**Extracted data:**
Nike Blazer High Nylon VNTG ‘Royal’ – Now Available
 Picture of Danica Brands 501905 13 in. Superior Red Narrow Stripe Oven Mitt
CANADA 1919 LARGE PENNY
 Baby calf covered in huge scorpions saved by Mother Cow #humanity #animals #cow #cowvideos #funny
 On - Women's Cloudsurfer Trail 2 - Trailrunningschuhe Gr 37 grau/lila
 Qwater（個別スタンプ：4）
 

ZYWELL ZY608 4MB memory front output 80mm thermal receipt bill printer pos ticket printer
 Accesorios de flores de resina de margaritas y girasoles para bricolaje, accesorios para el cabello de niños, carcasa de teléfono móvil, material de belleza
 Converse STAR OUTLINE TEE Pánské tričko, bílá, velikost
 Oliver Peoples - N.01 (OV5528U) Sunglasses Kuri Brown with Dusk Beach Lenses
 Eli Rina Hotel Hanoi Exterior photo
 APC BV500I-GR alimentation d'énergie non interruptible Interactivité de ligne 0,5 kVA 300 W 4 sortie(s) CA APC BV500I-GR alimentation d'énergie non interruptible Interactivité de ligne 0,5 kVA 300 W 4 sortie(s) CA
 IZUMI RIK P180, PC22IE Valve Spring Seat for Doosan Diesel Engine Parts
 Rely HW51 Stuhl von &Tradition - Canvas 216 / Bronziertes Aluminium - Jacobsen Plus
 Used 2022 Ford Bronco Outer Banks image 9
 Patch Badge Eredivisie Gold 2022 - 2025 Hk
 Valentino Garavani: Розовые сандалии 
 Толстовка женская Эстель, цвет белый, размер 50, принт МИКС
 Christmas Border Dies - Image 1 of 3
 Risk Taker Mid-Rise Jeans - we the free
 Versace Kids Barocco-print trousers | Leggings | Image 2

**What you should do:**
Output, please, only the lines running from the start of the entries through the line that contains "On - Women's", including both of those lines.

**Solution to this exercise:**
Nike Blazer High Nylon VNTG ‘Royal’ – Now Available
 Picture of Danica Brands 501905 13 in. Superior Red Narrow Stripe Oven Mitt
CANADA 1919 LARGE PENNY
 Baby calf covered in huge scorpions saved by Mother Cow #humanity #animals #cow #cowvideos #funny
 On - Women's Cloudsurfer Trail 2 - Trailrunningschuhe Gr 37 grau/lila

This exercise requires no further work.